Opposition to the federal deportation sweeps has been growing throughout Orange County in recent weeks as four cities have either voted to join a lawsuit against the ICE raids or are looking at supporting the legal efforts to end the raids. 

City council members in two of Orange County’s biggest cities – Anaheim  and Santa Ana – have voted to join the lawsuit. 

Now, Fullerton officials are the latest in Orange County looking to support a lawsuit challenging federal agencies’ tactics in conducting warrantless deportation sweeps after raids this past weekend rocked two Home Depots in Anaheim and Garden Grove.

On Tuesday, Assistant City Attorney Baron Bettenhausen announced Fullerton City Councilmembers voted to file an amicus brief and coordinate with other cities in support of the lawsuit after City Councilwoman Shana Charles asked her colleagues to consider joining the legal challenge.

The attorney did not immediately publicly state how council members voted behind closed doors or what the vote was – something required by law.

After Voice of OC asked questions about the vote, Councilman Ahmad Zahra sent a screenshot of a text message from Bettenhausen stating the vote was 4-0 with Councilman Nick Dunlap absent from the closed session vote.
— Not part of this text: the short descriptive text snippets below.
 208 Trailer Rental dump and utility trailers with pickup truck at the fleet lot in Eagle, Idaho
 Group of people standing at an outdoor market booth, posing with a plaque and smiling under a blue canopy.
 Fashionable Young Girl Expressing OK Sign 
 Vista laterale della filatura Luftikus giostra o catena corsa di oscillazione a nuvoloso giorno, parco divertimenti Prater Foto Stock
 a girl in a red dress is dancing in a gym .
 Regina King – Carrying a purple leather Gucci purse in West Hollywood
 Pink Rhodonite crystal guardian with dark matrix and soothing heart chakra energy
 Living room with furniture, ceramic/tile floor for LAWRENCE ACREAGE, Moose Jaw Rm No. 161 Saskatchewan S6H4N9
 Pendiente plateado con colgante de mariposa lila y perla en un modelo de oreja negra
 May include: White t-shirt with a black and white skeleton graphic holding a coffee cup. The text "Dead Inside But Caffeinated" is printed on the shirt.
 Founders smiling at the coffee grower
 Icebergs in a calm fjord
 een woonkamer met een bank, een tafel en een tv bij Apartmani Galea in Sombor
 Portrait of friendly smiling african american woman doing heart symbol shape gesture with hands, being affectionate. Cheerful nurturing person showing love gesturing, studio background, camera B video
At the open session portion of the meeting, Charles and Zahra thanked residents for coming to the meeting and speaking out in support of their immigrant neighbors.

“When we show up and we unite, things can happen so we’ll see where this goes but we need to continue stepping up and we cannot be complacent in any way and we must always have courage because doing the right thing takes courage,” Zahra said at Tuesday’s meeting.

Another city could soon join Fullerton.

Costa Mesa City Council members are expected to consider signing onto the legal challenge at their next meeting.

Meanwhile, Irvine officials last week narrowly voted to direct staff to craft an amicus brief in support of the lawsuit after Orange County Supervisors opted to stay out of the case. 

[Read: Irvine Looks to Support Lawsuit Challenging ICE Sweeps; OC Supervisors Take No Action]

“While the Board ultimately did not take formal action, I share Supervisor (Vicente) Sarmiento’s commitment to standing with the plaintiffs in this case. I believe it is important that we continue to explore ways to support efforts that protect the rights and dignity of all members of our community,” said OC Board of Supervisors Chair Doug Chaffee in a statement last week.

The lawsuit, filed on behalf of five people arrested in Los Angeles County and immigrant rights organizations, alleges federal immigration officers are racially profiling people and using excessive force to make warrantless arrests.

Department of Homeland Security officials have adamantly denied the allegations, arguing the deportation sweeps in the region have been strategically targeted.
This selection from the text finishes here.